Our (not my) Ideas Build Community
Jeremy Steele
One of the most important lessons ministry has taught me over the years is also one of the most humbling: just because I have a good idea as the pastor, that doesn’t mean it is the right idea. And it almost never means it is the idea people actually need.
I relearned that lesson recently through a project in the Nooma Community that, on paper, seemed straightforward. Nooma is a fully digital spiritual community, and at some point it felt natural to ask what it might look like to gather in person, to take it from purely digital to phygital. I imagined a single retreat where everyone would travel from wherever they lived to meet for a long weekend of shared practice, conversation, and rest. I pitched dates. I asked logistical questions. I assumed interest would follow.
It did not.
The responses I received were quiet but clear. Some people did not want to travel that far. Some physically could not. Others named family, financial, or accessibility barriers that made long-distance travel unrealistic.
And then something else happened. A few people said, almost casually, that they would love something closer to home. A couple of them even offered to help coordinate it if that were possible.
That was the moment the project shifted from my idea to the community’s idea.
This is something I have had to learn over and over in ministry. Programs tend to work best when they grow out of the lives of the people already engaged, not when they are imposed from above, even with good intentions. The role of leadership is not to decide what should matter. It is to notice what already does and help make space for it.
So instead of one centralized retreat, we tried something different. We followed the energy where it showed up. Our first in-person gathering took place in the Kentucky area, organized and supported by members of the community who lived nearby. My role shifted from planner to participant, from organizer to guest.
I will admit I carried a quiet concern with me going into that weekend. Digital community is real, but it is also easy to underestimate how much of relationship lives in physical presence. I wondered whether people might feel awkward, like they were on a retreat with strangers they only knew through screens and usernames. I wondered if there would be a period of polite small talk while everyone tried to figure out how to relate in person.
That concern disappeared almost immediately.
From the moment people arrived, it was obvious that these relationships were already deep. These were not strangers meeting for the first time. These were people who had been supporting one another through difficult seasons, exploring spiritual practices together, wrestling with questions of faith, and sharing the ordinary details of their lives. They knew each other’s stories. They knew each other’s pets. They had prayed for one another before surgeries and checked in afterward. They had laughed together and sat with grief together.
Seeing each other in person did not create connection. It revealed it.

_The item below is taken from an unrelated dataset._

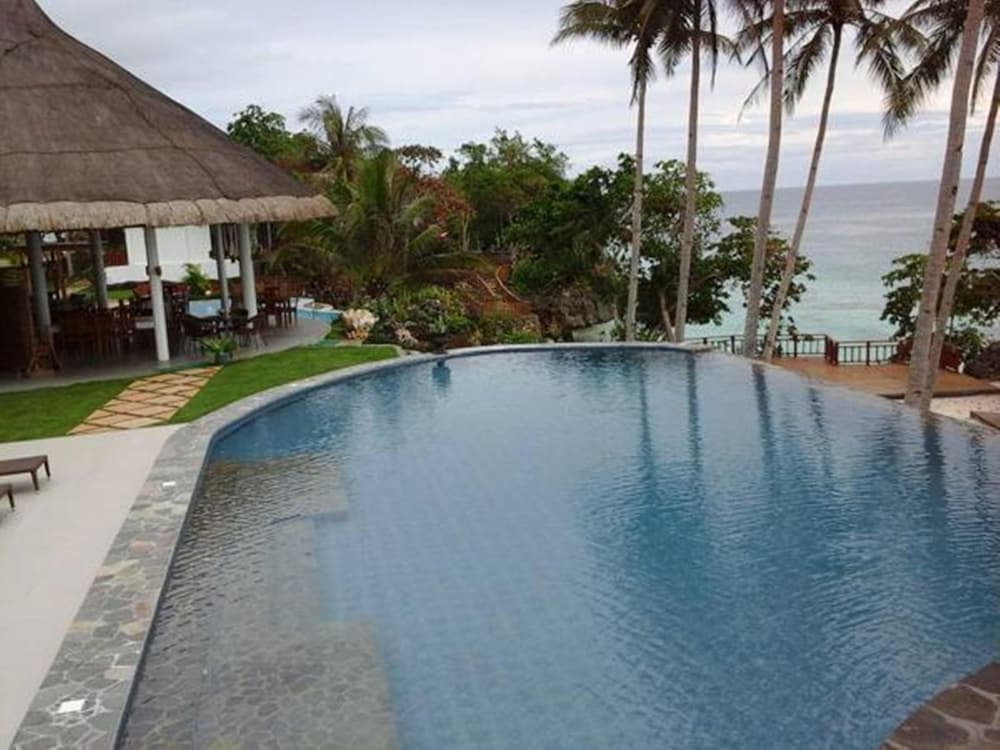 Parklane Bohol Resort and Spa 21/23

What struck me most was how quickly the retreat moved into depth. There was no long warm-up period. The trust was already there. The conversations were honest from the beginning. The shared practices felt grounded rather than tentative. The digital space had already done the slow work of relationship building, and the physical gathering simply gave that work a new dimension.
The weekend itself was beautiful. Not because it was perfectly programmed or tightly scheduled, but because it felt like a natural extension of the community people already inhabited. Meals felt like continuation of conversations that had been happening for months. Silence felt shared rather than awkward. Laughter came easily. The retreat did not feel like an experiment. It felt like a reunion.
What we learned from that experience is now shaping the future of this project. Rather than trying to replicate one large retreat over and over, we are planning multiple gatherings in different regions, led by different members of the community. Each retreat will reflect the people hosting it and the needs of that local group. Over time, we are also exploring how to invite people from outside the community to participate, offering a gentle and embodied entry point into what Nooma already is.
This model requires something that traditional church programming often struggles with. It requires leaders to loosen control and trust the community they are serving. It requires listening before acting and being willing to let good ideas go when better ones emerge.
The Kentucky retreat reminded me that digital community does not weaken human connection. When it is practiced with intention and care, it can deepen it. And when people who already know how to show up for one another finally share the same physical space, the result is not awkwardness. It is recognition.
We did not create something new that weekend. We simply allowed something that already existed to take on flesh.